Ralph Lauren took a well-deserved extended bow last night as he both presented and celebrated his 40th anniversary collection.

Mr. Lauren sauntered down the runway at a tent erected just outside the Conservatory Gardens in Manhattan’s Central Park to Frank Sinatra’s “The Best Is Yet To Come.” A crowd that included Sarah Jessica Parker, Martha Stewart, Diane Sawyer, and Barbara Walters gave the designer a standing ovation. Fellow top-tier designers, Donna Karan, Carolina Herrera, Diane von Furstenberg, and Vera Wang, who once worked for Mr. Lauren, also were at the black-tie event.

The theme of the spring collection, debuting during New York Fashion Week, was a day at the races. Some models wore oversized hats with garden-party dresses — one of the best being a pale-blue floral printed silk plisse gown with a halter neckline and ruffled jabot — while others wore menswear-style jackets, ascots, and tailored trousers. Spatlike shoes completed the look.

The jockeys were even represented with crystal-embellished jodhpurs, a yellow jersey dress with an equestrian print, and a bright pink equestrian-print taffeta jacket with splashes of blue, white, green, and yellow, and a peplum at the hip.

Spring ’08 features more colors than Mr. Lauren has shown in years.

The clothes, however, were secondary to recognizing Mr. Lauren’s long tenure at the top of an industry always looking for the next big thing.

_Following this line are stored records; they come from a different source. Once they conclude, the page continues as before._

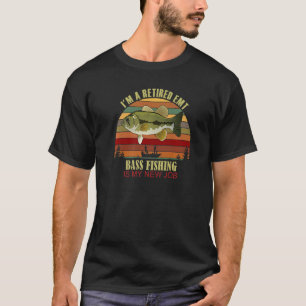 Funny Retired EMT New Job Bass Fishing Premium T-Shirt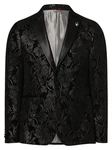 Finshley & Harding London Sakko Brixdon Schwarz/Bordeaux/Dunkelrot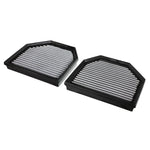 Set of two aFe Magnum FLOW Pro DRY S oil-free synthetic replacement air filters with blue media and polyurethane frames.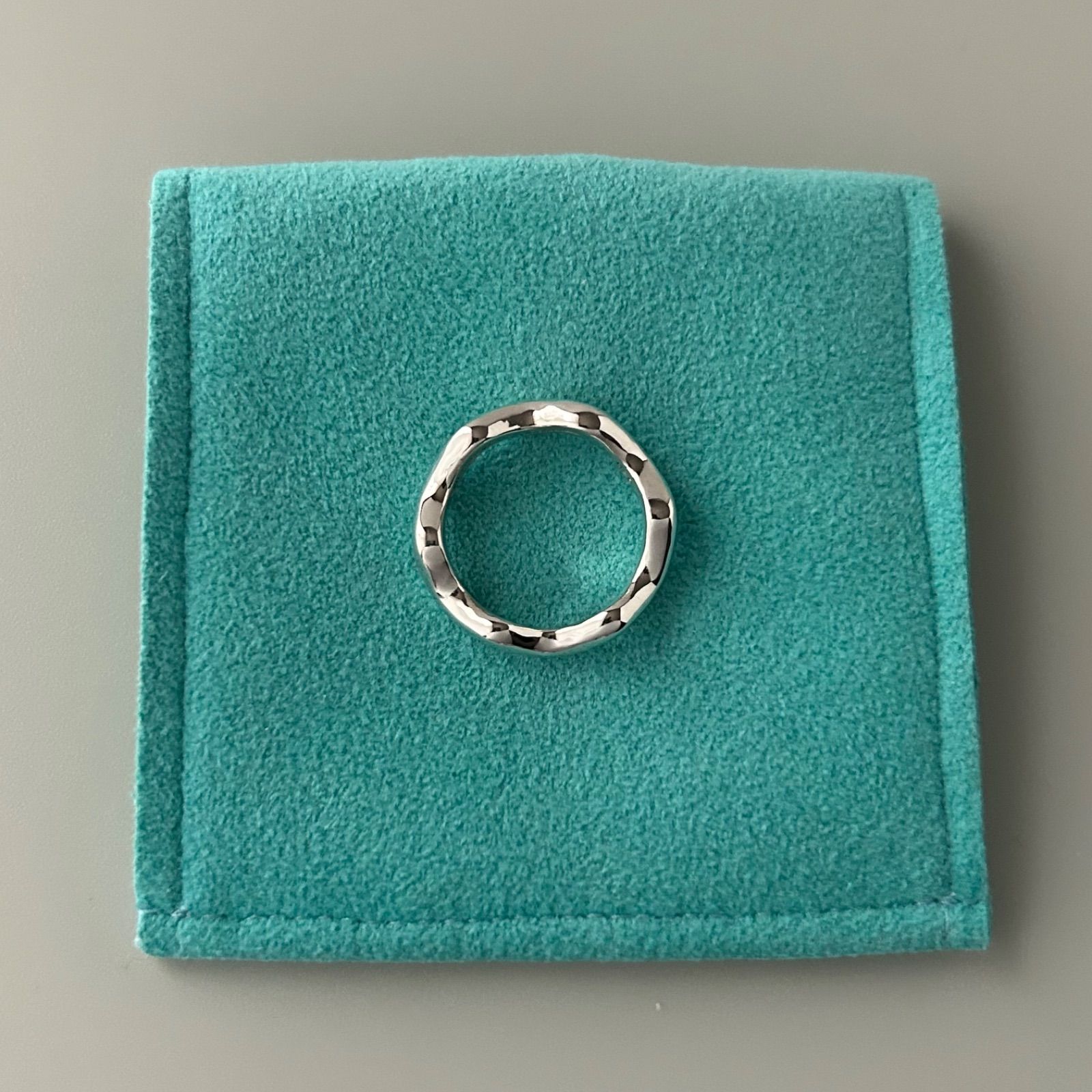 ティファニー TIFFANY パロマピカソ ウェーブ リング ジグザグ 7号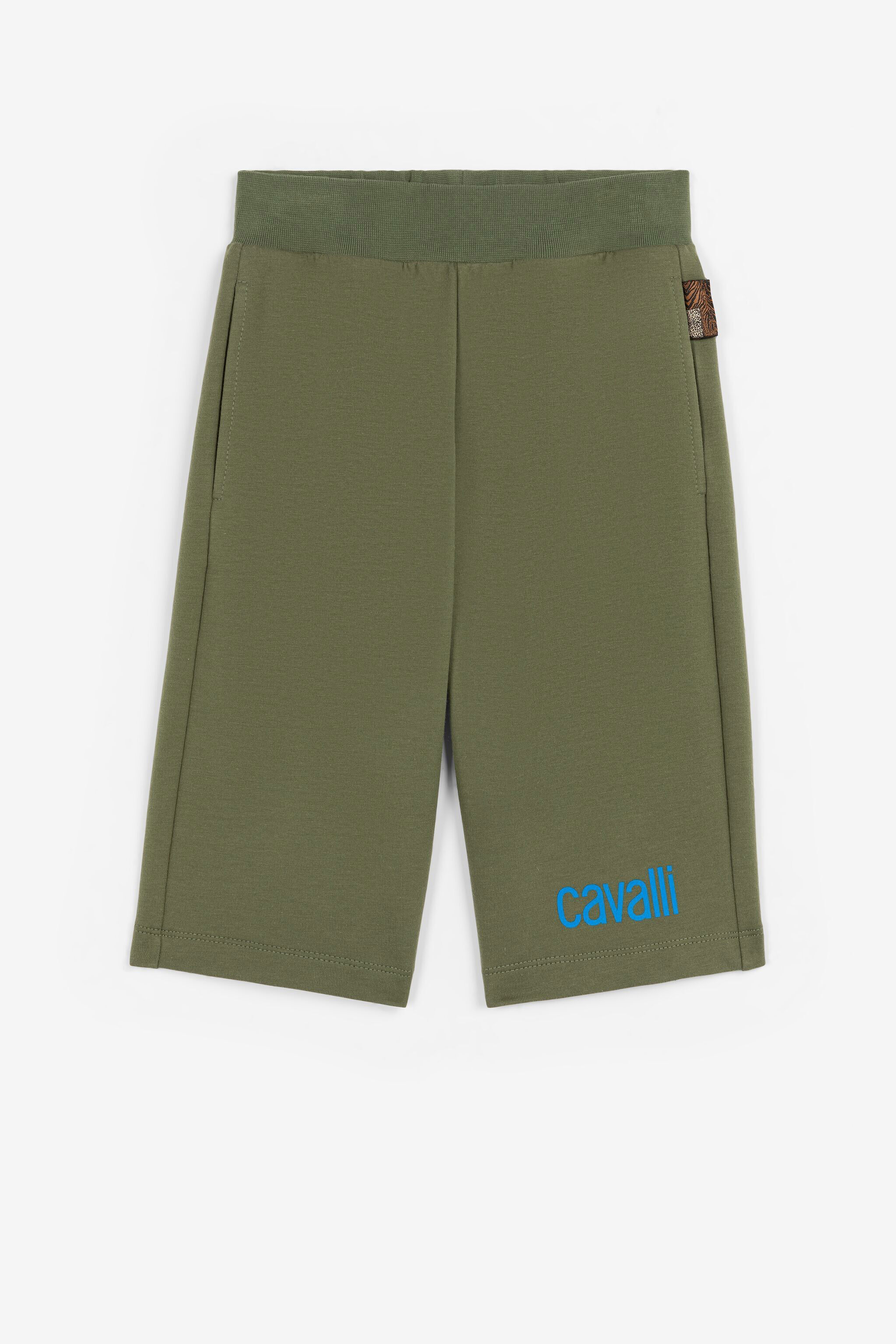 JU Shorts mit Logoprint Dunkelgrün QJT231-CF050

Mr. Lauren is one of the “nicest, warmest, and loveliest” in the fashion world, Ms. von Furstenberg, president of the Council of Fashion Designers of America, said.

“He is so successful because he lives his fantasy with such passion. I just love him,” she said.

After the last gown — a slinky and stunning silver chain-beaded gown — disappeared from the runway and Mr. Lauren had his moment in the spotlight, the back wall opened to reveal an elegant and elaborate party set up in the Conservatory Garden itself. This was the first private event ever held at the Gardens by a third party.

A sprawling fountain in the middle picked up the light from the dozen chandeliers hanging from arched arborways on the terrace and from the hundreds of candles on the tables.

“Like a Henry James character, he (Lauren) is the last true idealist about America’s imagination of itself,” a curator at the Costume Institute at the Metropolitan Museum of Art, Harold Koda, said. “That makes him the greatest ambassador of American style.”